◆ **Problem statement**:
Copy, pictures aside: the lines below from the one that holds "ripped jeans for kwee" through the final line of the listing, both ends included, exactly as they are and nothing else.

───── Listed records ─────

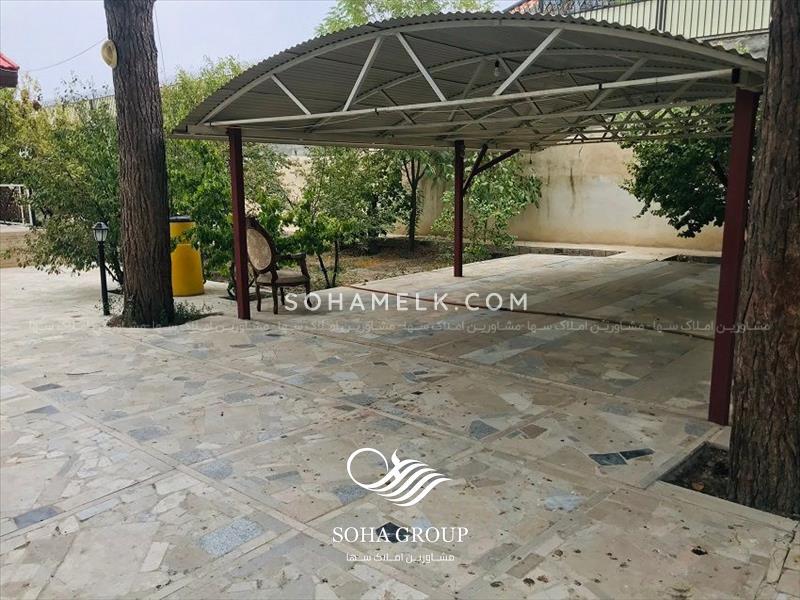 فروش باغ ویلا در ویلادشت ملارد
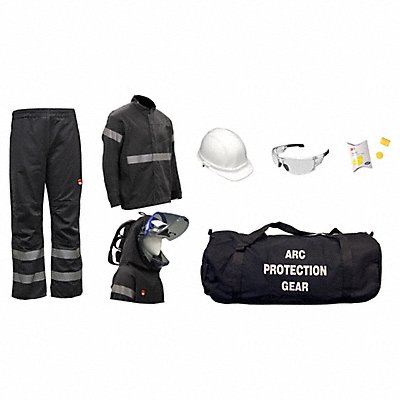 MECHANIX WEAR AG40GPJPXLH3PFNG Arc Flash Protection Clothing Kit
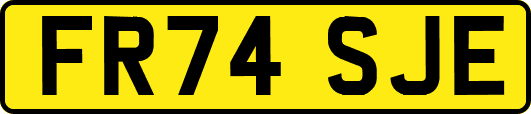 FR74SJE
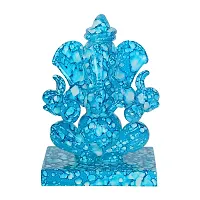 Ganesh Ji Idols For Car Dashboard Office And Study Table-thumb3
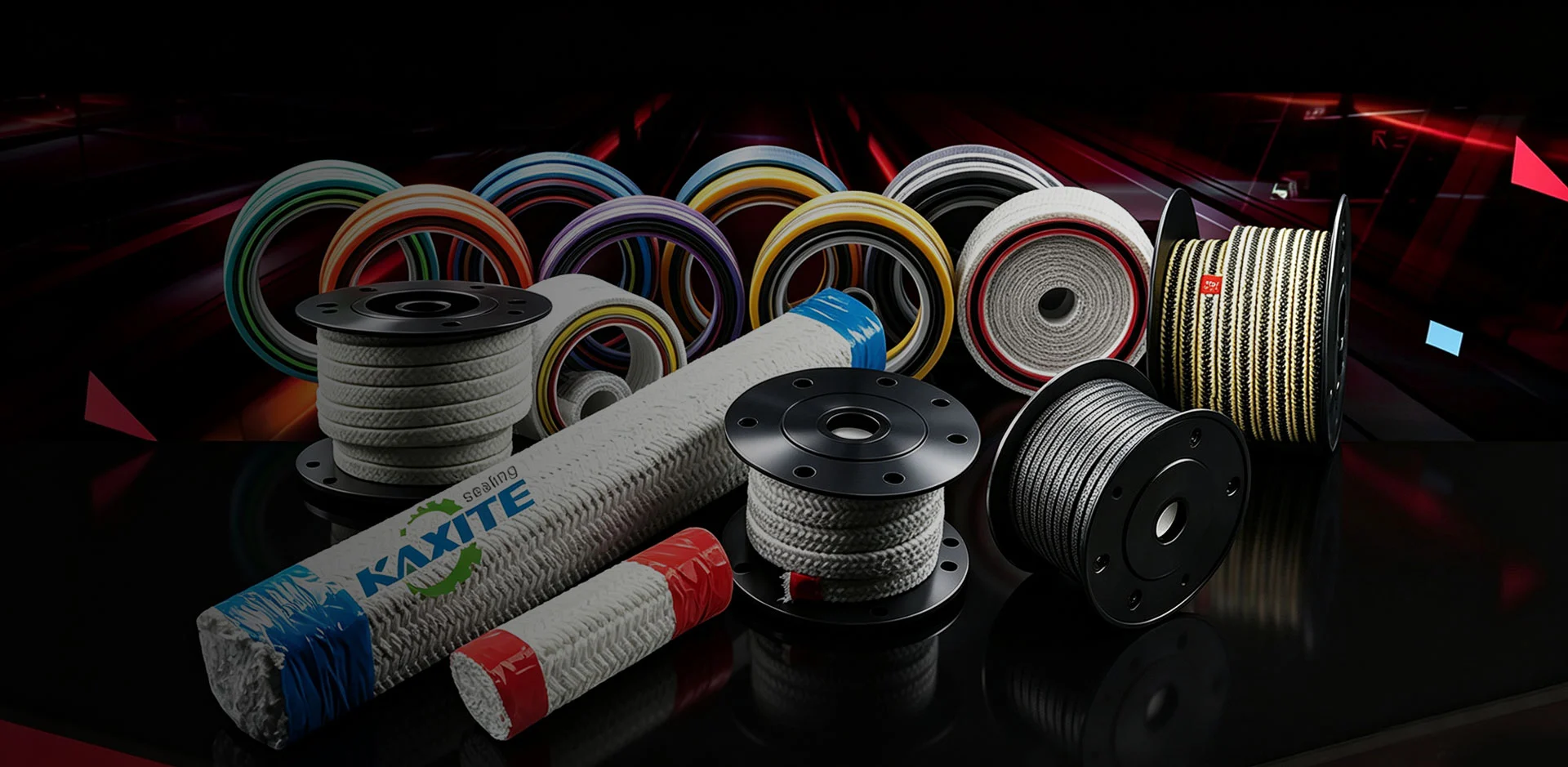 Custom CNC Machined PTFE & PEEK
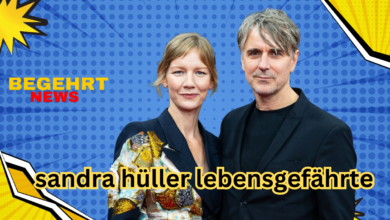 sandra hüller lebensgefährte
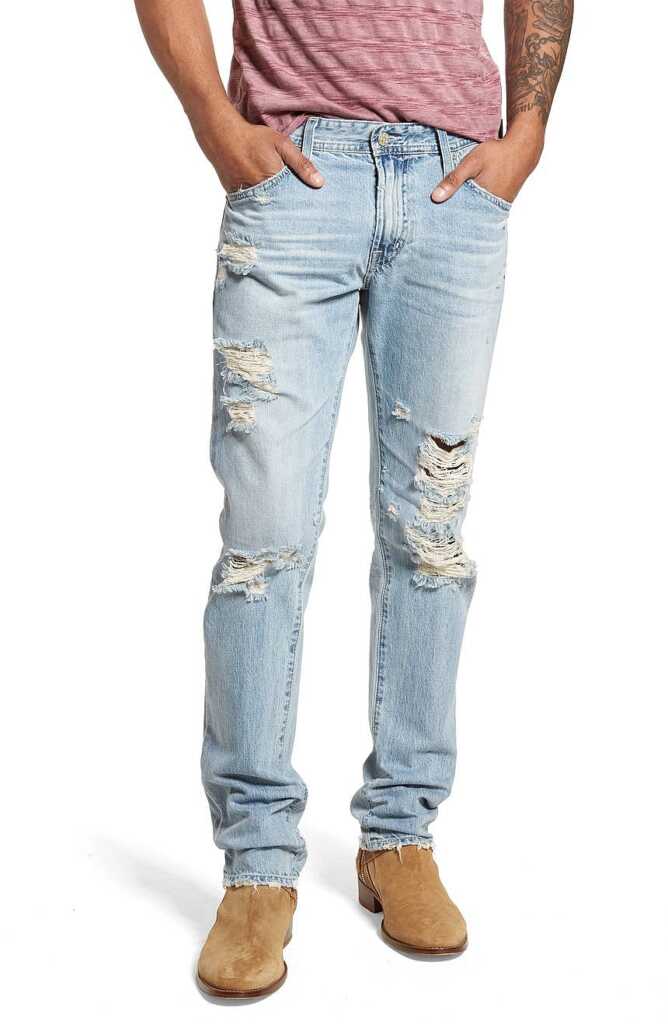 ripped jeans for kwee
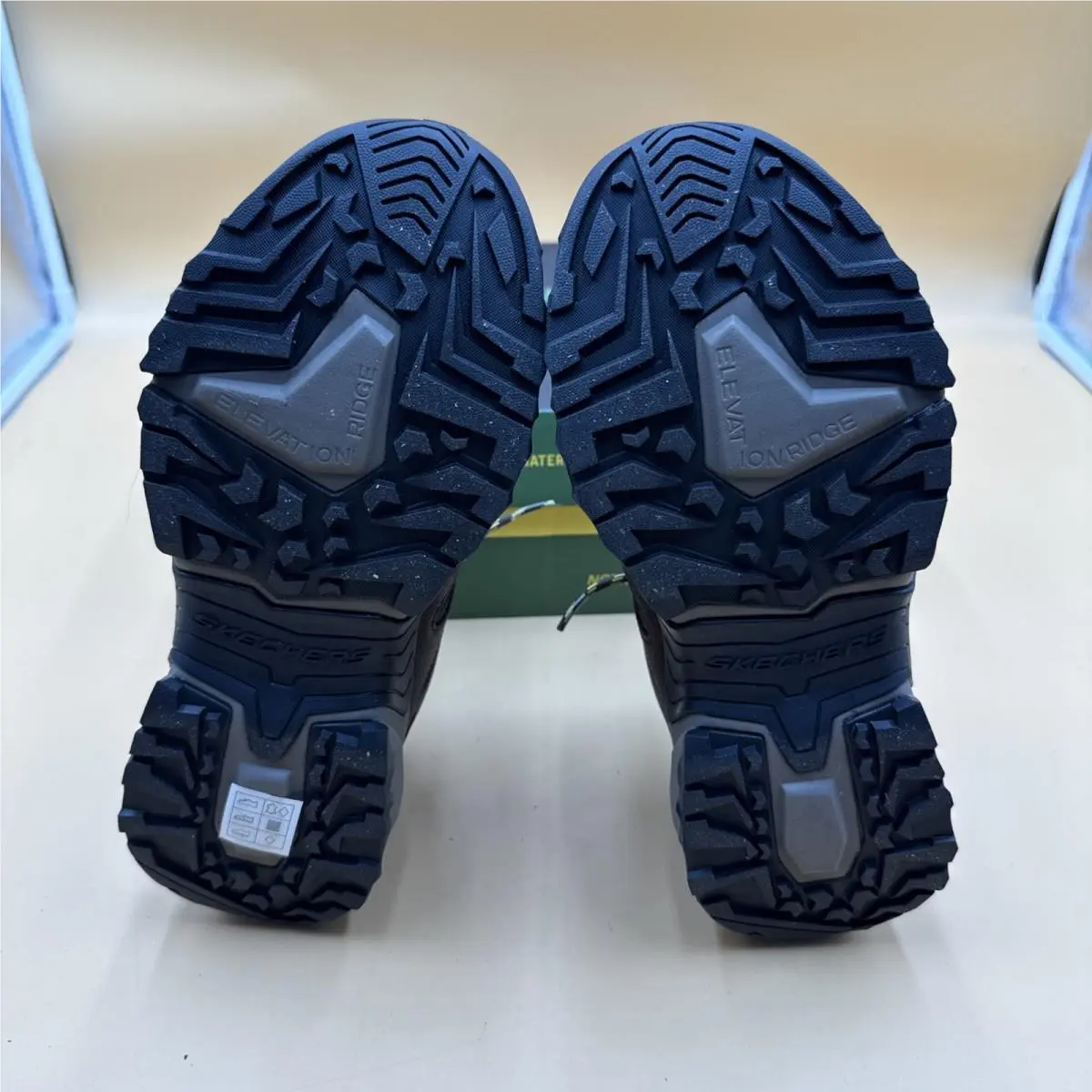 Skechers shoes - John Deere Terraform Dunlow - John Deere Terraform Dunlow - 256005-RDBR - Brown, Exterior: Brown 5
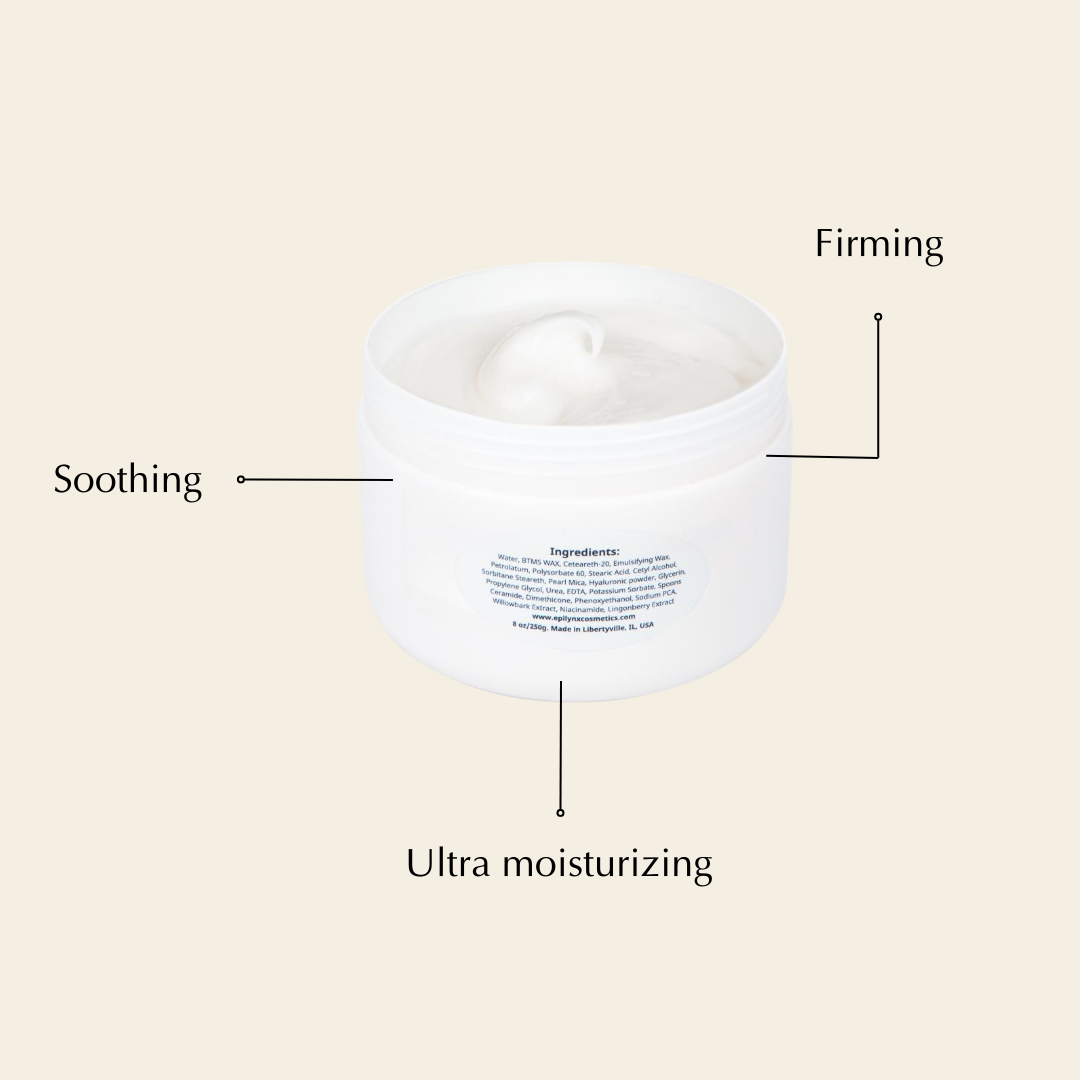 Skin Relief Body Cream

─────

◆ **Solution**:
 ripped jeans for kwee
 Skechers shoes - John Deere Terraform Dunlow - John Deere Terraform Dunlow - 256005-RDBR - Brown, Exterior: Brown 5
 Skin Relief Body Cream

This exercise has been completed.